Stored data entries:

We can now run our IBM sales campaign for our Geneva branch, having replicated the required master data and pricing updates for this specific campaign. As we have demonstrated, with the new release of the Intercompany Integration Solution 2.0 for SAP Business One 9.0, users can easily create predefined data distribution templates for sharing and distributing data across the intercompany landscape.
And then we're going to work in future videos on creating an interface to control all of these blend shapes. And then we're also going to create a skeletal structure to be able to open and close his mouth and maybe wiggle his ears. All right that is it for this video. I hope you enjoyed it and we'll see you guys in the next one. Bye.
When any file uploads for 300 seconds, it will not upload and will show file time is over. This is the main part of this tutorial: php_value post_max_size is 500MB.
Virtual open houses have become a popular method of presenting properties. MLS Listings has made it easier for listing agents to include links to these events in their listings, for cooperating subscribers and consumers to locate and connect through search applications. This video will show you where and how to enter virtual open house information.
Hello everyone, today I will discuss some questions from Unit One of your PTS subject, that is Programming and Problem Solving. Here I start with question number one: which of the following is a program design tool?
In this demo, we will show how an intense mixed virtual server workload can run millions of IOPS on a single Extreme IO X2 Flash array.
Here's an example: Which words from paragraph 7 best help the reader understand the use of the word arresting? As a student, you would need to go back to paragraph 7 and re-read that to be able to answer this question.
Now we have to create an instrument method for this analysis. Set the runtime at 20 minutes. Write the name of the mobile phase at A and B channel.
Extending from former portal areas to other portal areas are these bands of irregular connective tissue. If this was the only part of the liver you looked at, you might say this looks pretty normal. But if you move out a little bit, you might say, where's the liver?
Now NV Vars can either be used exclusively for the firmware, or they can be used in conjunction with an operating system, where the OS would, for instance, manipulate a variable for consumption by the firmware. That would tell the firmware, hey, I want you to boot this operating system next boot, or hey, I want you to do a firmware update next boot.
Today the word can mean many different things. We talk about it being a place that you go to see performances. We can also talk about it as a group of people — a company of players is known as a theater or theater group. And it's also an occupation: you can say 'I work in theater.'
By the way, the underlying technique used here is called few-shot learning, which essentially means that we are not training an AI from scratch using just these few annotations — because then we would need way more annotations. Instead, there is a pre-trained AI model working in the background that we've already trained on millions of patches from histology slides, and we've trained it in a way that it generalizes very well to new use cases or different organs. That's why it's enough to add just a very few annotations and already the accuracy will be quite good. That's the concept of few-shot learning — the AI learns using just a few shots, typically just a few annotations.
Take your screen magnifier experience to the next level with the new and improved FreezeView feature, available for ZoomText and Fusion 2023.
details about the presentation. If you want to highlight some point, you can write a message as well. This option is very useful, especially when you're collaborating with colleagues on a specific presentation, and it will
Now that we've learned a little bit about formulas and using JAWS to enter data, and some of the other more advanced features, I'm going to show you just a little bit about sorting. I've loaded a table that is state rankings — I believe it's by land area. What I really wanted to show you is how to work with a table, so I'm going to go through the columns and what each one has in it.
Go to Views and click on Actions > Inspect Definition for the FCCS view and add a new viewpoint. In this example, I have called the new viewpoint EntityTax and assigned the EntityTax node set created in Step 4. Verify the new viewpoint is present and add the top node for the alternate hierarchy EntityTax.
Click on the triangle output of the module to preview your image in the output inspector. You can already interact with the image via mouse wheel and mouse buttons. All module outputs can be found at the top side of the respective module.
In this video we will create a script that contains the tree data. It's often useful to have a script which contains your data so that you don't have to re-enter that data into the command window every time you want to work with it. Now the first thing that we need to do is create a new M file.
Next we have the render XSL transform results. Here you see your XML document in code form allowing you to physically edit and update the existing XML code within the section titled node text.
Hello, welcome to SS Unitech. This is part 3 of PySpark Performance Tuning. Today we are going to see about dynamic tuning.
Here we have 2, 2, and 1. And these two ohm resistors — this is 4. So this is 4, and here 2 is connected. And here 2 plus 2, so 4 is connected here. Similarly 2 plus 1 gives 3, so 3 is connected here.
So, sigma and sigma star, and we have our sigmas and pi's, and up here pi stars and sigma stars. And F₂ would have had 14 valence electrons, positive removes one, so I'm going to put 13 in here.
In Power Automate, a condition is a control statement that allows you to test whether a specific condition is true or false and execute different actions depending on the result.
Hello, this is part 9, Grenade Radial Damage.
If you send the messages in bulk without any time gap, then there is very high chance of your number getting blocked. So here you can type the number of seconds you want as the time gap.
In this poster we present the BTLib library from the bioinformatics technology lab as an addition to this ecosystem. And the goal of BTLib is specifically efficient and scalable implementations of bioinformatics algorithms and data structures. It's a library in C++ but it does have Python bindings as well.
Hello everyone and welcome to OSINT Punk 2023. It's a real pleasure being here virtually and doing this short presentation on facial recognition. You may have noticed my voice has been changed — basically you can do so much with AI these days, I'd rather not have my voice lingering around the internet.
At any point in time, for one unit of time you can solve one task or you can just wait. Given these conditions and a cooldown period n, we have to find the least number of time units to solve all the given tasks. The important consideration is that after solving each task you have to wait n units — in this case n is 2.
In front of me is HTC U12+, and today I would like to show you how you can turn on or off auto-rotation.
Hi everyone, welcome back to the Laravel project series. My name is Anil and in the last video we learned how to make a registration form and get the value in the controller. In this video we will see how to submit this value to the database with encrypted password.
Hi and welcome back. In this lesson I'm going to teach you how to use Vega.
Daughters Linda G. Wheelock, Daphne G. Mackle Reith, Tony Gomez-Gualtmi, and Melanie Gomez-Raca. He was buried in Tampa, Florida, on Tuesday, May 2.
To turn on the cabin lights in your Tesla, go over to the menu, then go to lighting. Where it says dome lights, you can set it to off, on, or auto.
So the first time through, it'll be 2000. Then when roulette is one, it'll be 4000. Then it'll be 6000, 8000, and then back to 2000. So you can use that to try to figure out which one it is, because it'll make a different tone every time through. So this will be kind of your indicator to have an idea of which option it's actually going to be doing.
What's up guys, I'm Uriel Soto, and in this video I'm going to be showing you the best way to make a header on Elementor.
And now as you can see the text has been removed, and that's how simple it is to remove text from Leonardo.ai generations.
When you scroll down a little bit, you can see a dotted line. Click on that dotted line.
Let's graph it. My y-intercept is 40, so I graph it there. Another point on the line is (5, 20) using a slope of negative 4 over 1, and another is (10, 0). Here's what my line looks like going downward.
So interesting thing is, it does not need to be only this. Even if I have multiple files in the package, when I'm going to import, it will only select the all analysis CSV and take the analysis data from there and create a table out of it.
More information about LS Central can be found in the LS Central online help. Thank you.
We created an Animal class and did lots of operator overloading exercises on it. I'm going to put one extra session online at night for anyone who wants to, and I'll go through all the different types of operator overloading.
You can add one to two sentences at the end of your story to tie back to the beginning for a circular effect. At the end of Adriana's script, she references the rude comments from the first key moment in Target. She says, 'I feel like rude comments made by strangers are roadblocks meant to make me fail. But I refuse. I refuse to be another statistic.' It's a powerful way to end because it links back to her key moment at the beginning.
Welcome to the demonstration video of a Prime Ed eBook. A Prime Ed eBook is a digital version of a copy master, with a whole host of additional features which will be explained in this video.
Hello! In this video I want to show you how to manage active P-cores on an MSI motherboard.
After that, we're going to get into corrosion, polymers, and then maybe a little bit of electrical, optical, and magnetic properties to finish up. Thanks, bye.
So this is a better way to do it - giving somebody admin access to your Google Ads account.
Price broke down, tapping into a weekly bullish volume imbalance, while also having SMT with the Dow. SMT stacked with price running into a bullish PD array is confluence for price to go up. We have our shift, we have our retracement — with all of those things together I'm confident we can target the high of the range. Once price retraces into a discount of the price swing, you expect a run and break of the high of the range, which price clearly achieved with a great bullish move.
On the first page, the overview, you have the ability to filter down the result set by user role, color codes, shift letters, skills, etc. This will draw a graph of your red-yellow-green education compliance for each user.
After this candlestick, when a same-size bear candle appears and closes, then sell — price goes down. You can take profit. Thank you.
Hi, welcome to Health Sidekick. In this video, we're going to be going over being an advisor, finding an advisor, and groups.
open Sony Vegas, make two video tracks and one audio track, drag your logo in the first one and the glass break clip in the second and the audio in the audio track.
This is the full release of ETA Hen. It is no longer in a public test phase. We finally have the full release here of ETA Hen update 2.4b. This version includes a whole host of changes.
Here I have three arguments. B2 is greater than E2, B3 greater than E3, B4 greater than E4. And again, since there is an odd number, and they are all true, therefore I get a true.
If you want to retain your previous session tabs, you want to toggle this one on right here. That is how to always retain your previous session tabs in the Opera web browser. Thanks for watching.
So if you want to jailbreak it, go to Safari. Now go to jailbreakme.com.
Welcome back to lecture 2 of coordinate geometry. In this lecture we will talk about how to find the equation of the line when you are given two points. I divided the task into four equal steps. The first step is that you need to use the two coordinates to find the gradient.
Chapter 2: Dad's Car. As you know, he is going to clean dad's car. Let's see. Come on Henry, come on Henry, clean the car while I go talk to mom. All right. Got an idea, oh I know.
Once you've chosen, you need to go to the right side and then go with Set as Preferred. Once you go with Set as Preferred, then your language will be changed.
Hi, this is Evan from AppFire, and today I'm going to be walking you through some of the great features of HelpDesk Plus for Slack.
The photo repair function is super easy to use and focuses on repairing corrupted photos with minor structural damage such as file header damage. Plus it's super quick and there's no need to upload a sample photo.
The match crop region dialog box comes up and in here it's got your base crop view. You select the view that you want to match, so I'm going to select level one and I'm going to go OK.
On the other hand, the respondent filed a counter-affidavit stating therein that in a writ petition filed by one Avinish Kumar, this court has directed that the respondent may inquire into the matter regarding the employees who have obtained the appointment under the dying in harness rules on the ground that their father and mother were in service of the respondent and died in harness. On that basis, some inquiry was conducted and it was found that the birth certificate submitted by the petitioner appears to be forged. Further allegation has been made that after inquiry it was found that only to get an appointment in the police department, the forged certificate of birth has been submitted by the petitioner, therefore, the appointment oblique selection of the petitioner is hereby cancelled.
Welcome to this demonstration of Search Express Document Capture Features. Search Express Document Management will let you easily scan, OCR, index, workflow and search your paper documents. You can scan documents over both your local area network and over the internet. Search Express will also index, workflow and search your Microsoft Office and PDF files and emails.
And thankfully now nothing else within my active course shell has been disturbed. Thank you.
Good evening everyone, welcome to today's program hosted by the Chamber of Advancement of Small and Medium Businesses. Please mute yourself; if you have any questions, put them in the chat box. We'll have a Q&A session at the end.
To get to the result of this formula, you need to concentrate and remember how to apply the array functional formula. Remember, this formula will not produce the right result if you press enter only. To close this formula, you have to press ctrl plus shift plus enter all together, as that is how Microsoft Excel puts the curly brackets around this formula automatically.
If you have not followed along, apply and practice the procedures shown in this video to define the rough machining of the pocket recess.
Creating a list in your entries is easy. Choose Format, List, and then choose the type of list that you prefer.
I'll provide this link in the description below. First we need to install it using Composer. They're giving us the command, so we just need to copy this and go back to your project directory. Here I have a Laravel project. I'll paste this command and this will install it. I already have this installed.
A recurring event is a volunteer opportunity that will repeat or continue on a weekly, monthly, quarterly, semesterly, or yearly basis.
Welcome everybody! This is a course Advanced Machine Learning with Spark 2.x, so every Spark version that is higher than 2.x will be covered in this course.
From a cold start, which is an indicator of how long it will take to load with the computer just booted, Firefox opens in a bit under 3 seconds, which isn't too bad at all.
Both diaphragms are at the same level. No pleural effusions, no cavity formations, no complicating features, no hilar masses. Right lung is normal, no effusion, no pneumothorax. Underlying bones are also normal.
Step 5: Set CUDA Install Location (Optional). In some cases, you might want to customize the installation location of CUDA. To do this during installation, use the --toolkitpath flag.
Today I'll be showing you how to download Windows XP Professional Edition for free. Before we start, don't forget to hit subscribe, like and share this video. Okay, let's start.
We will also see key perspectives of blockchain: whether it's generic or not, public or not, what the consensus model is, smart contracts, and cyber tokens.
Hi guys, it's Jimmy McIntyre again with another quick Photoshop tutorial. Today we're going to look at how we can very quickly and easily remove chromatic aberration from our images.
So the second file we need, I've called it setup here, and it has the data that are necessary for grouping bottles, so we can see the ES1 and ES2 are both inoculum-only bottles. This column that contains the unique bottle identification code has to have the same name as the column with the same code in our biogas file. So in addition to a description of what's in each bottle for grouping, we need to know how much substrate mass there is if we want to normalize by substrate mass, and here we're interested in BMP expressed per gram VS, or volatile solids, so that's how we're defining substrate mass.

| Work task |
Could you return all lines from the data above that contain the string "header"?

| Reply to the task |
What's up guys, I'm Uriel Soto, and in this video I'm going to be showing you the best way to make a header on Elementor.
The photo repair function is super easy to use and focuses on repairing corrupted photos with minor structural damage such as file header damage. Plus it's super quick and there's no need to upload a sample photo.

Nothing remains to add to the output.